- Created by: Pierre Sportolaro
- Based on: Les Forges du Désert
- Presented by: Richard Fairbrass Gabrielle Richens
- Starring: Melanie Winiger as The Poetess
- Country of origin: France
- No. of series: 1
- No. of episodes: 10

Production
- Running time: 60 minutes (inc. adverts)
- Production companies: Grundy and Adventure Line Productions

Original release
- Network: Channel 5
- Release: 23 June – 25 August 2001

Related
- Fort Boyard The Crystal Maze

= The Desert Forges =

The Desert Forges is a game show set in the Wadi Rum desert region in Jordan. It was first aired on Channel 5 from 23 June to 25 August 2001. It is based on a French format called Les Forges du Désert, created by Pierre Sportolaro in 1999 and produced by Adventure Line Productions, also producers of Fort Boyard.

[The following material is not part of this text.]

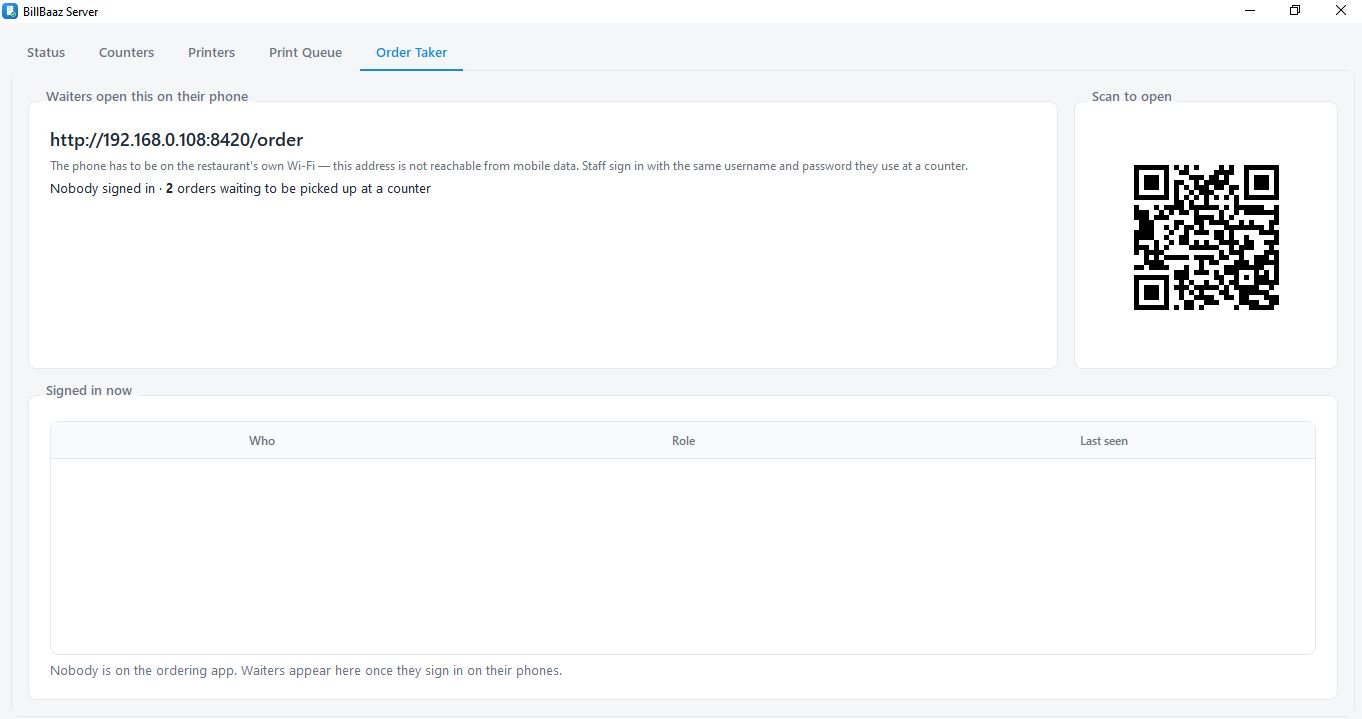 BillBaaz server console Order Taker tab showing the waiter app link, a QR code to scan, and a list of who is signed in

Each episode starts with two teams, each with two contestants, one male and one female. They are referred to as the green team and the orange team (identified by the colour of their clothing), and are usually a couple, friends, or brother and sister. Both teams go through a series of challenges, and the winning team gets the chance to win gold ingots, which they cast themselves from the Forges Room.

==UK cast==
The show was presented by Richard Fairbrass and Gabrielle Richens, with Melanie Winiger starring as the Poetess, ruler of the Palace.

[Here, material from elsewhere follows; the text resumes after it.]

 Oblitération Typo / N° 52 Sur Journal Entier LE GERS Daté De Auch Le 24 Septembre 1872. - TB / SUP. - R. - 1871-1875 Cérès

Minor characters include Zioto who starts the time during the Palace challenges, Abdullah, the timekeeper in the Desert Duels who fires a rifle to indicate the start and end of the clock, the Forgemaster who runs the Forges Room, Zach and Ramm (identified by video cameras attached to their heads), who act as the "eyes and ears" of the Poetess and allow her to watch the progress made by the two teams, and Meliha, a guide who guides teams between houses in the Palace.

==Format==
The show is divided into three segments: the Desert Duels, The Palace and the Forges Room.

===Desert Duels===
This first part of the show consists of four challenges out in the desert. Some duels involve all four team members, but many are limited to two.

In the first game, team members compete to determine who gains control of a dagger, and the winner of each subsequent game takes or retains the dagger. The team with the dagger generally sets the standard for the other team to follow. Each duel won also gains a flame for the winning team, which they'll use in the second part of the show.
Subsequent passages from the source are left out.